Dimiter Kenarov writes about returning to Bulgaria after years in the US; about his childhood in the country under communism, the cultural explosion of the 1990s, and the sense of returning stagnation.
posted by automatronic (6 comments total) 18 users marked this as a favorite
 
To abandon my peaceful but mostly prospectless academic life in the States in order to plunge into the cesspool of my homeland was a bit of a gamble, but also, I thought, the most American thing I could do.

This is a really good piece and relevant to my interests. Thanks for posting
posted by chavenet at 1:35 AM on December 20, 2023 [2 favorites]


The key insight this lengthy piece leads up to is, to my mind, this:
Today, we have become citizens of a global, Brezhnevian capitalist state, which, in its failure to provide an inspiring frontier—gone are the days of Kennedy’s “New Frontiers” or Obama’s “Change We Can Believe In”—has slowly ossified and wrapped back upon itself. My feeling is that all the troubles we’ve been witnessing over the last decade—Trumpism, Brexit, the rise of nationalism all over Europe, Russia’s virulent imperialism—are attempts to disrupt not just the dominant political systems, but the zone of eternal repetition.
Am in the UK and this resonates strongly with everything that's happened since 1979, when the neoliberal revolutionaries seized power.
posted by cstross at 4:07 AM on December 20, 2023 [7 favorites]

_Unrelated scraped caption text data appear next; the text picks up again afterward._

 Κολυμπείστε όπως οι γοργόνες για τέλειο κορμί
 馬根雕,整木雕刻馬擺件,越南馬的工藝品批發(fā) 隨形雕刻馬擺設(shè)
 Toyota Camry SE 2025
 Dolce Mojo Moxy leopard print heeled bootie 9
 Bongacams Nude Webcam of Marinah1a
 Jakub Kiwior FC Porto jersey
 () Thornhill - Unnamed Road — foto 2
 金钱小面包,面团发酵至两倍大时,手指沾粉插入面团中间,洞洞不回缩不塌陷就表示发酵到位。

There's a short video about Angela Rodel, who translated the Booker Prize-winning novel Time Shelter from the original Bulgarian, and who lives in Bulgaria now as a translator. Some of the experiences she talks about living in Bulgaria perhaps hint at the creative and cultural energy around the "changes" that Kenarov refers to.
posted by They sucked his brains out! at 5:15 AM on December 20, 2023 [1 favorite]


Thanks for posting this, never would have come across it otherwise. Thoughtful writing and great photos.
posted by lwxxyyzz at 7:40 AM on December 20, 2023


A few months before Russia attacked Ukraine, I was at a residence in Vienna, where a Ukrainian friend told me that his country was the only one in Europe that still unreservedly believed in the European Union and the Western liberal-democratic project, that, if the EU took Ukraine on board, it would expand not only its geographic frontiers but renew its sense of purpose as well. I think the war, for all its terrible human toll, or because of it, has largely proven him right. Ukraine has turned into a rallying call for much of Europe, a vicarious way (dangerous, but not too dangerous) to experience once again the forward vector of time. How long that momentum is going to last, however, is impossible to know...

Notice that the people who profit from everyone being on the hamster wheel are the ones trying to sabotage the US contribution to Ukrainian resistance.
posted by Aardvark Cheeselog at 9:01 AM on December 20, 2023 [1 favorite]


Great insight not only into our current time but also human nature generally.